In the documentary “Free Chol Soo Lee,” first-time doc directors Julie Ha and Eugene Yi use archival materials in an attempt to present their tragic hero in all three dimensions. Despite their efforts, Soo Lee feels just out of reach, but the story of his life remains as important as it is horrifying.
The film opens by explaining the crime and how Soo Lee became a prime suspect. Journalistic giant K.W. Lee compared Soo Lee’s case to the Kafka novel “The Trial,” and it’s an apt connection. Everything that could have gone wrong for Soo Lee did; he was even reported for firing a gun indoors just two days before the murder. According to Soo Lee, he had just been fiddling around with the pistol, which he’d borrowed from his manager at work. It was the first time he’d ever held a gun.
Of course, the other problems in Soo Lee’s case magnify much larger issues in our country, particularly concerning class and race. Though the police were ostensibly looking for a Chinese perp, per witness descriptions, they nailed Soo Lee instead. Soo Lee had already been in juvie and a psych ward before his life sentence, in large part because the adults in his life couldn’t understand him, much less advocate for him. To paraphrase the film — he wasn’t crazy; he just couldn’t speak English.
The dominoes continue falling from there. In the film’s sole animated sequence, Soo Lee recounts murdering a fellow inmate, Morrison Needham, during his sentence. Soo Lee says Needham, a member of the Aryan Brotherhood, was threatening him because he would not take sides in a gang conflict. A predominately white jury finds Soo Lee guilty of first-degree murder.
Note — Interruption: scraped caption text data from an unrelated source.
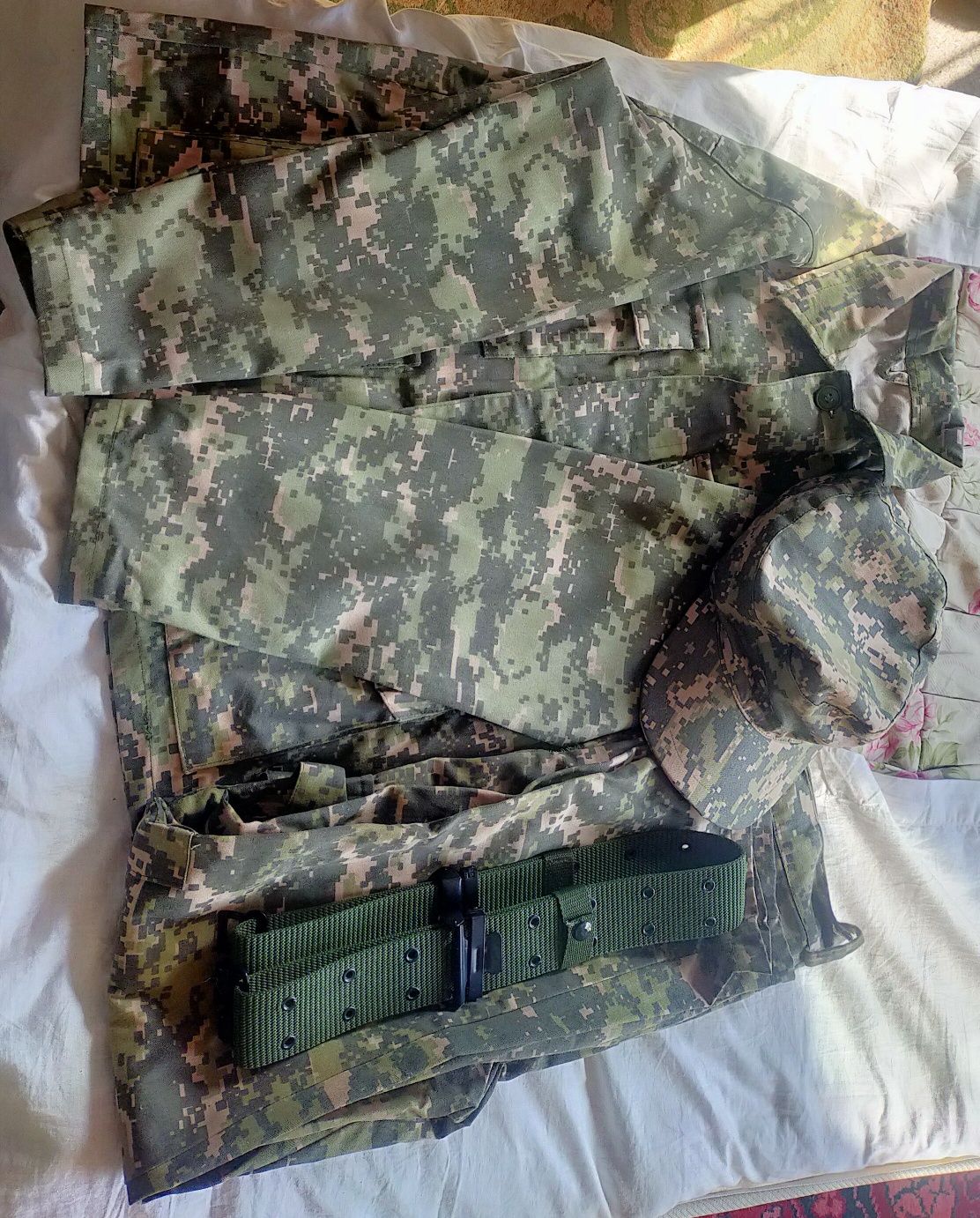 Продам военную форму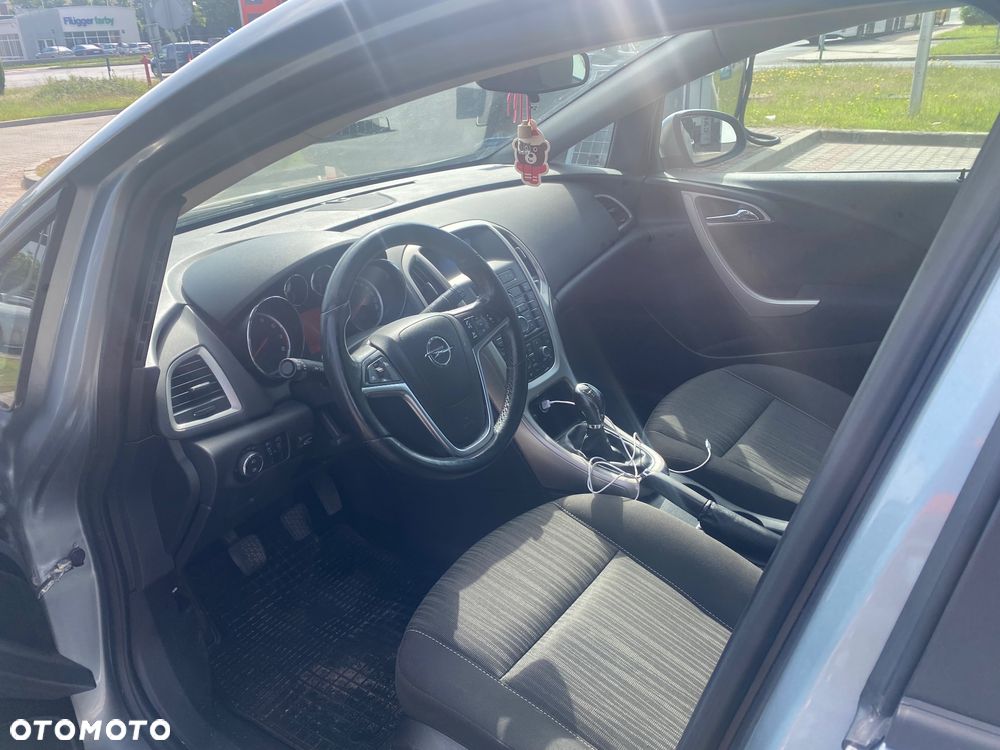 Opel Astra 1.6 Cosmo - 11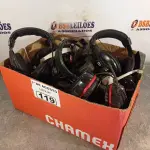 LOTE 119 - 01 LOTE COM VÁRIOS FONES DE OUVIDO MARCAS E MODELOS DIVERSOS. (NO ESTADO, LEILÃO NÃO TEM GARANTIA E NEM DEVOLUÇÃO, SUJEITO A POSSÍVEIS AVARIAS VISÍVEIS/OCULTAS E/OU AUSÊNCIA DE COMPONENTES).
Though Soo Lee is eventually acquitted and released from prison, the remainder of his life takes more grim turns. Ha and Yi give the impression of a man who, after being forcibly removed from society, is almost incapable of shaking that alienation. He struggled being alone just as much as he had a hard time relating to others.
At one point in the film, Soo Lee mentions his supporters visiting him on death row. It’s harrowing to imagine the disparities at play in such a meeting. Soo Lee was awaiting his own death, a final kick in the teeth from a system that never wanted him, while his supporters — at least those interviewed for this film — were pursuing law degrees and graduating from UC Berkeley.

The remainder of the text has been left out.